Will wrote:If Geckos live 10 years or more, then release him. Could he survive in the wild? Whether he could or not, let him go, liberation of animals is good.
One of the most irresponsible things a pet owner can do is release an animal into the wild. The animal may suffer and starve because it is a pet and is used to being cared for. Also, the animal may not be able to survive in the environment that it is released into - too cold, too hot, too whatever - and will suffer and die because of it. It also may wind up as a meal for some native animal, again because it does not know the environment it has been released into, or who the predators are or how to hide from them.
An animal that is non native can wreak havoc on the native plants and animals - to the point of pushing them to the brink of extinction.
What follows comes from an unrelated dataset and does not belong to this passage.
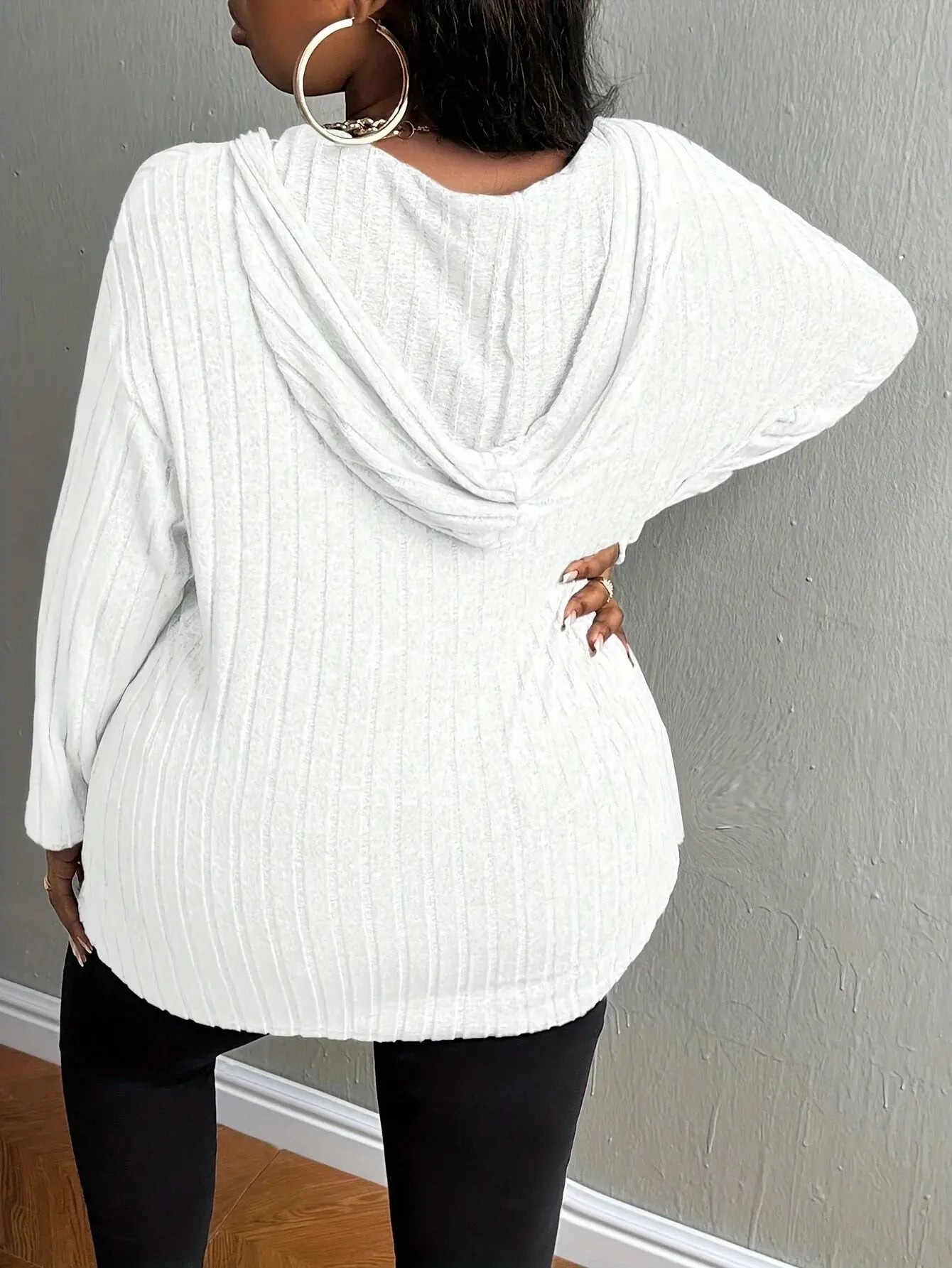 Plus size European and American cross-border autumn and winter new casual solid color half zipper hooded sweatshirt Chic Le'Meek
Remember the brown tree snakes in Guam and all the birds they wiped out? And Florida is full of non native creatures, many of whom are there because their owners no longer wanted the expense or responsibility of caring for them, and released them into the wild. The situation with Burmese Pythons in the Everglades is out of control, and scientists are worried that these huge snakes will spread into the lower southern states before long, because they seem to be okay in cooler weather. Imagine the effects of a snake this large....
Liberation of animals is a good thing, yes, but not for animals that have been raised as pets, and not into environments where they are not supposed to be. If one feels very strongly about this, then fight the pet trade, push for tighter regulations. Stop the breeding of these creatures for money. Releasing them is not the answer, and only causes more suffering. both on the part of the animal and on the ecosystem it is being introduced to.
To the OP, I understand your dilemma. As one who has always loved all animals, I had a difficult childhood, growing up with 4 brothers who kept all kinds of snakes, lizards, and fish, many that ate live prey. Personally, I think you should just keep him, but if you do decide to give him up, try to find the best home you can for your lizard. It might take a while, but look for someone who has experience with the breed, and someone who you know will not give him away or sell him later. If you can't find a home like that for him, then just keep him yourself.